Seriously, just get an e21x0 and push it north of 3GHz and spend the extra bucks on a better video card.

G92 8800GTS > 8800GT > 3870 > 3850

And don't really consider buying anything less than the 3850 (ie anything from previous generations at all, the 3850 beats the 7900GTX and x1950xtx like they're wusses) if you're a serious gamer.

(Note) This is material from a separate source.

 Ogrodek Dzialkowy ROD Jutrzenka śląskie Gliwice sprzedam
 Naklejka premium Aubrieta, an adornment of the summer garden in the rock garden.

Here are a couple more benchmarks for you to consider.
e4300 OC Gaming performance
1-2-4MB Cache scaling in UT3

The last one there shows the effect of different cache levels with chips clocked at 1.8GHz. I REALLY wish AT had repeated this with the three chips clocked at 3GHz and at a GPU bound resolution because I think the differences would be much smaller.
 

cab00se

Junior Member
Jan 13, 2005
7
0
0
The last one there shows the effect of different cache levels with chips clocked at 1.8GHz. I REALLY wish AT had repeated this with the three chips clocked at 3GHz and at a GPU bound resolution because I think the differences would be much smaller.
Me too. =/ That's precisely what I'm looking for actually, and it's kind of frustrating that such information doesn't appear to exist. I guess I'll just gamble with the 2180 and hope for the best. It's cheap, and I can always upgrade again down the road when the 45nms start to come down in price.